I clienti delle due baby squillo potranno salvare la faccia trovando un “accordo” con i pubblici ministeri pagando 40 mila euro (250 euro al giorno moltiplicati per 160 giorni di condanna, considerato il patteggiamento). Oppure potranno optare per la “libertà controllata” che implica il divieto di allontanarsi dal Comune di residenza ed il ritiro di patente di guida e passaporto. Lavori e trattative in corso, anche se qualcuno un accordo sembra averlo già trovato. Ma ci sono 50 indagati nello scandalo baby prostitute. La domanda è lecita: chi sono? Non si sa. O meglio, soltanto alcune identità sono state svelate. Altre, volutamente, vengono protette e nascoste. E’ il costume italiano, quello della fuga di notizie teleguidate. Si fanno i nomi soltanto delle persone che si vogliono colpire. Il classico “due pesi e due misure”. I più “sfortunati”, per ora, sono stati soltanto Mauro Floriani, il marito della Mussolini e Nicola Bruno, l’avvocato figlio del parlamentare di Forza Italia, Donato. Sottoposti alla gogna mediatica è giusto che paghino, se ritenuti colpevoli (oltre a loro anche il dirigente della banca d’Italia Andrea Cividini). Ma come loro ci sono altre 47 “identità nascoste” che vengono protette e che dovrebbero pagare ugualmente. Funzionari, professionisti e semplici impiegati. Il “rischio” è che se la cavino sborsando 40 mila euro e che il loro nome rimanga un segreto per tutti.

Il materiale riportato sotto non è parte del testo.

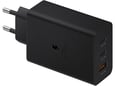Kućni punjač Fast Charging Adapter Trio (USB-Cx2,USB-A) za Samsung PD 65W sa kablom Type-C na Type-C crni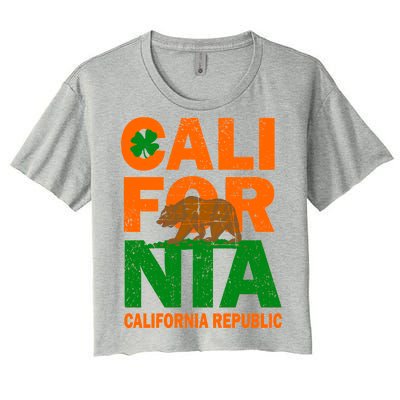 California Republic St. Patrick's Day Irish Women's Crop Top Tee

Che fine ha fatto il nome del giornalista coinvolto nel giro delle due (per ora) ragazze minorenni che si prostituivano ai Parioli? Aveva rilasciato un’intervista anonima su Il Tempo, poi, in nome della difesa della corporazione, non si è saputo più nulla. Come è calato il sipario troppo in fretta su un dirigente della Banca d’Italia, Andrea Cividini, prima coinvolto, poi “salvato” perchè il cellulare incriminato non era il suo, ma di un altro dipendente. Perfetto, ma ci dicessero di chi è.Un vero e proprio mistero.

Intanto scoppiano le polemiche sul possibile patteggiamento da parte degli “sfruttatori”.  “Con il patteggiamento e un’ammenda di poche migliaia di euro quanti hanno beneficiato di prestazioni sessuali da bambine di 14 anni se la cavano. Tutto ciò è inammissibile”, ha dichiarato Antonio Marziale, presidente dell’Osservatorio sui Diritti dei Minori.